**Directions for this task**
In the answer, each entry below appears exactly as given, and no picture appears at all.

Stored records:

---*---

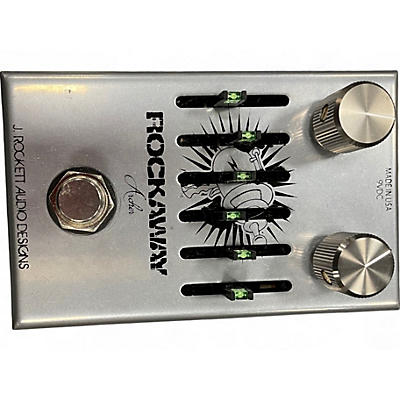 Used J.Rockett Audio Designs ROCKAWAY ARCHER Effect Pedal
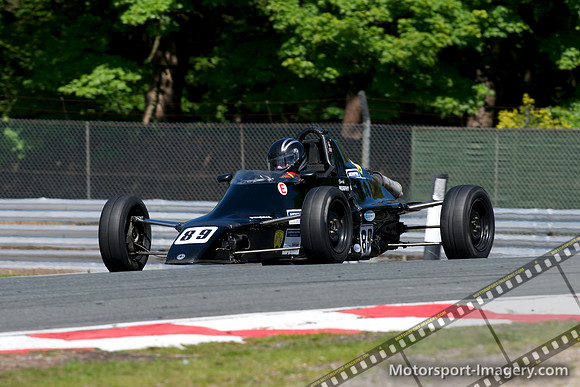 David Murphy, Van Diemen RF85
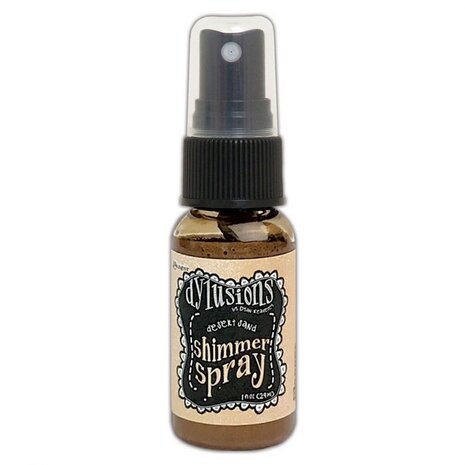 Ranger Dylusions Shimmer Spray Desert Sand (DYH77503)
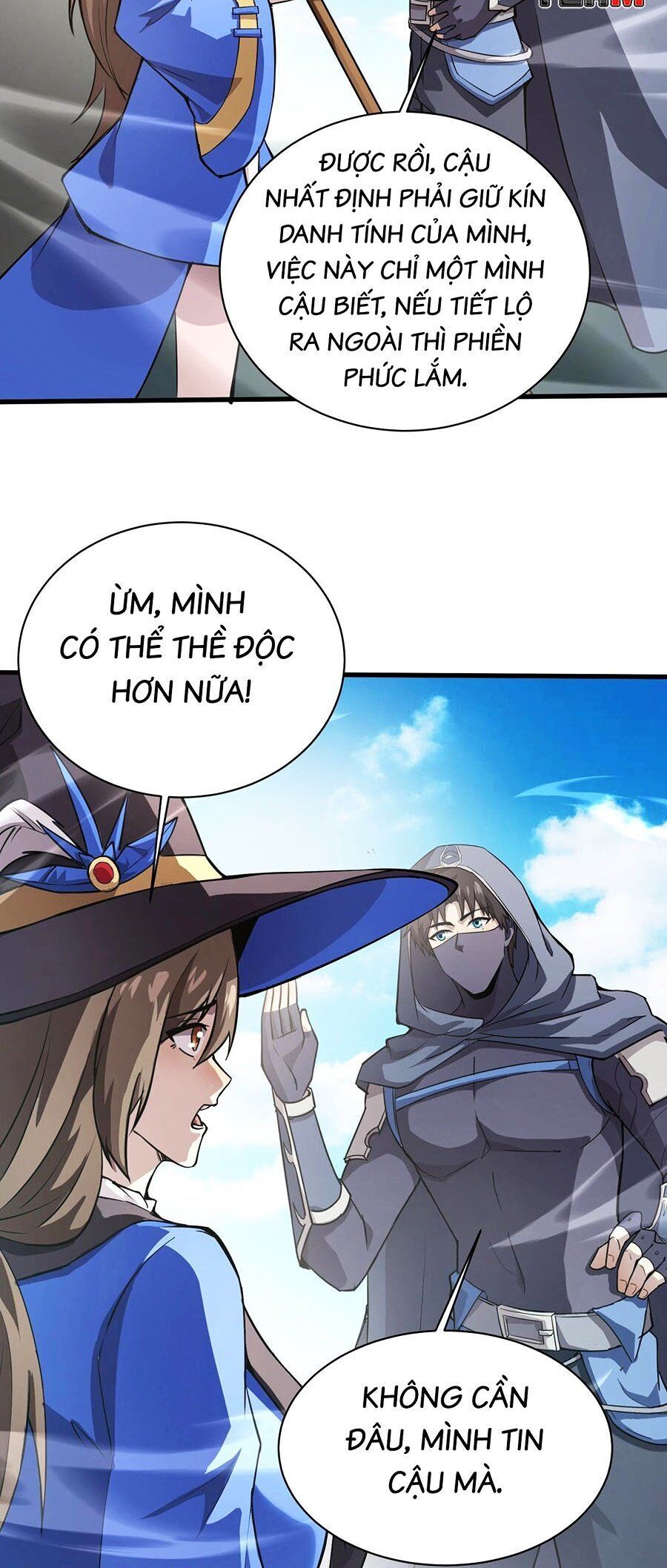 Chỉ Có Ta Có Thể Sử Dụng Triệu Hoán Thuật Chap 95 - Next Chap 96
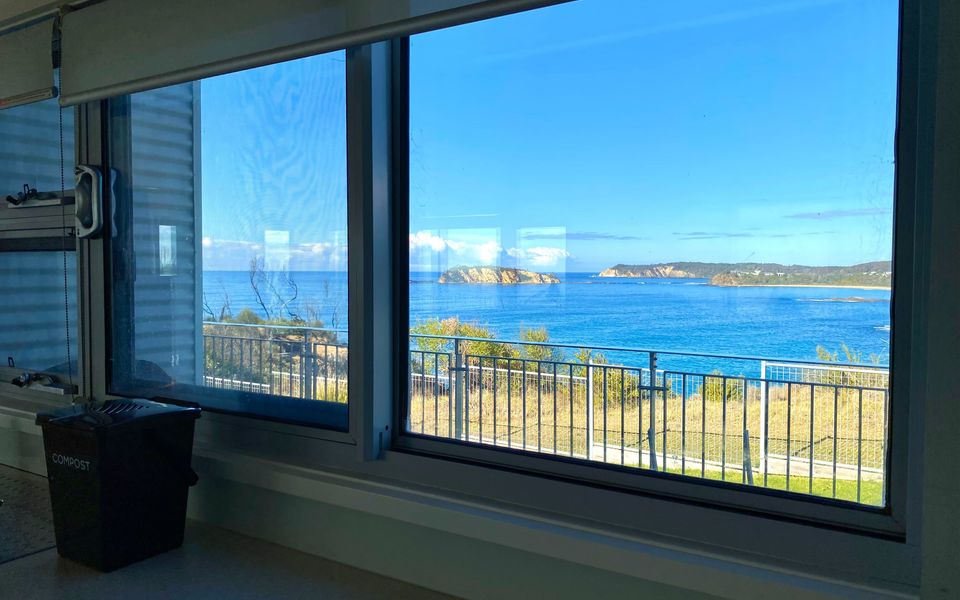 La Mirage, Malua Bay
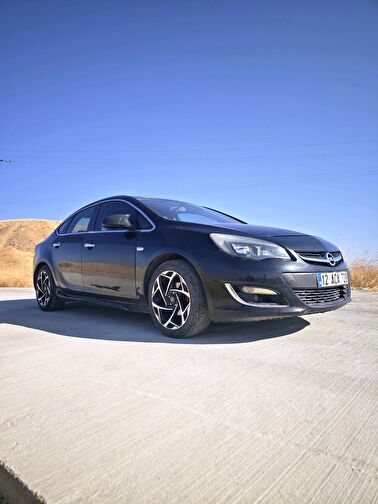OPEL ASTRA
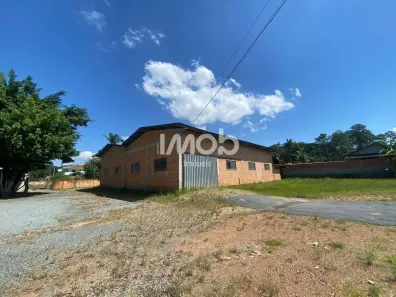 Galpão/Depósito/Armazém à venda, 600m² no Três Rios do Sul, Jaraguá do Sul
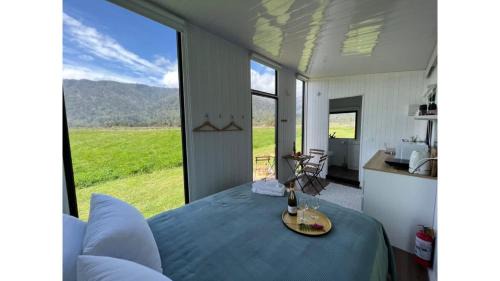 Waimangaroa Casa | The Coast 1 by Tiny Away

---*---

**Response to the exercise**
 Used J.Rockett Audio Designs ROCKAWAY ARCHER Effect Pedal
 David Murphy, Van Diemen RF85
 Ranger Dylusions Shimmer Spray Desert Sand (DYH77503)
 Chỉ Có Ta Có Thể Sử Dụng Triệu Hoán Thuật Chap 95 - Next Chap 96
 La Mirage, Malua Bay
OPEL ASTRA
 Galpão/Depósito/Armazém à venda, 600m² no Três Rios do Sul, Jaraguá do Sul
 Waimangaroa Casa | The Coast 1 by Tiny Away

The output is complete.